- **Information given**
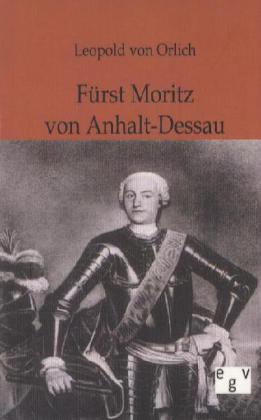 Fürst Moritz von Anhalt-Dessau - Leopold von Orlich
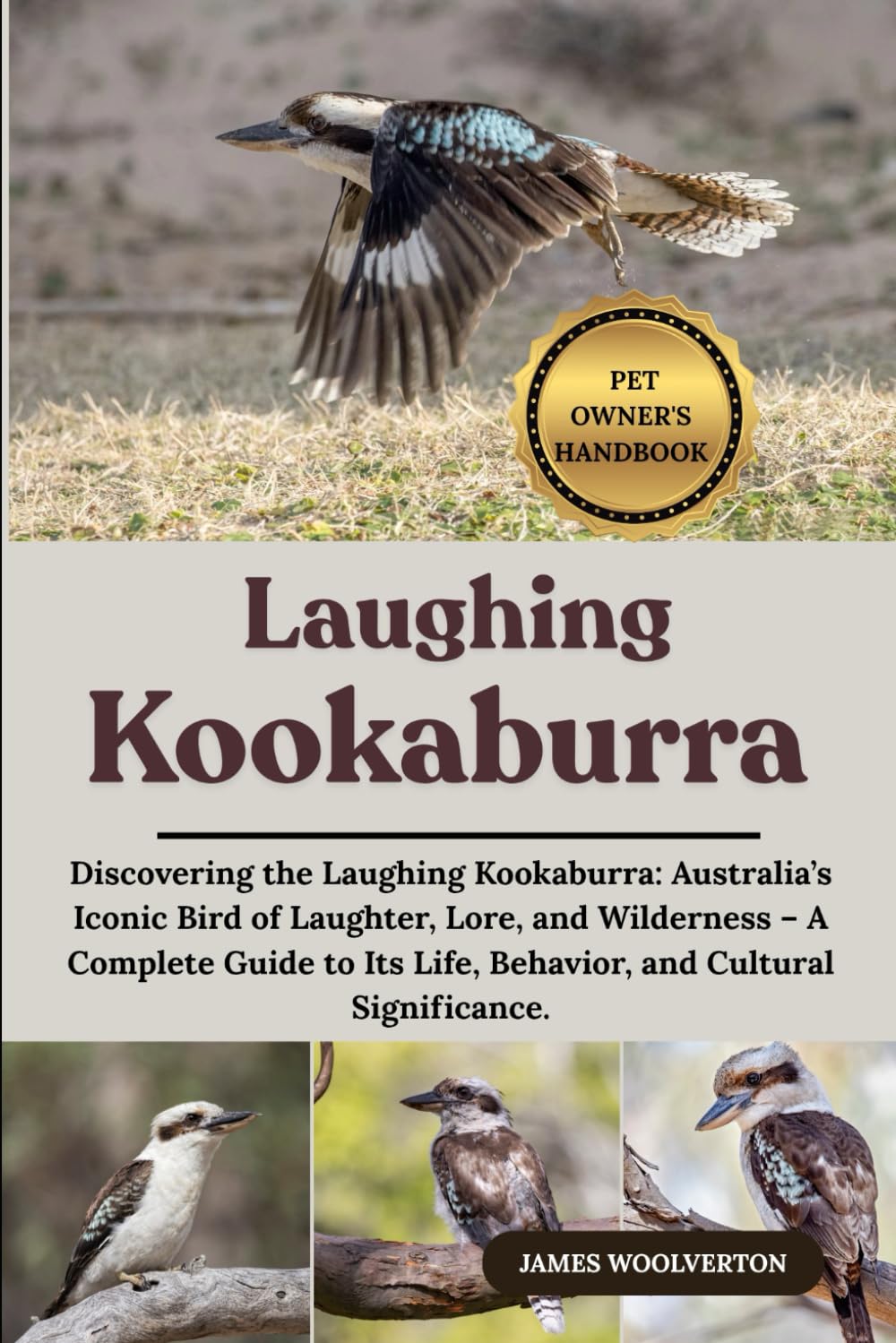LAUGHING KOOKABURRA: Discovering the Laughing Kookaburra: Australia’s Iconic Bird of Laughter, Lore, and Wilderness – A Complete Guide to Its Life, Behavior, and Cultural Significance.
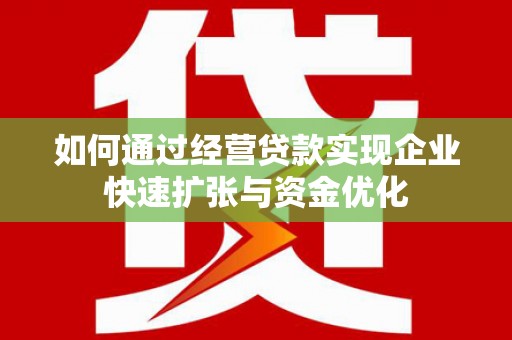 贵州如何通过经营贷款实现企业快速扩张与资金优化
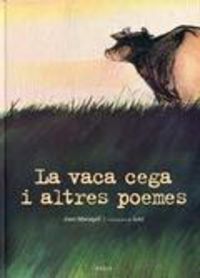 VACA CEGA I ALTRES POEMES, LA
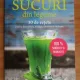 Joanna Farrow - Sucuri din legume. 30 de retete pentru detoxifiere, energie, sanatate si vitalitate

- **Problem**
This exercise asks for the data above to be given again exactly, without pictures.

- **Answer area**
 Fürst Moritz von Anhalt-Dessau - Leopold von Orlich
LAUGHING KOOKABURRA: Discovering the Laughing Kookaburra: Australia’s Iconic Bird of Laughter, Lore, and Wilderness – A Complete Guide to Its Life, Behavior, and Cultural Significance.
 贵州如何通过经营贷款实现企业快速扩张与资金优化
 VACA CEGA I ALTRES POEMES, LA
 Joanna Farrow - Sucuri din legume. 30 de retete pentru detoxifiere, energie, sanatate si vitalitate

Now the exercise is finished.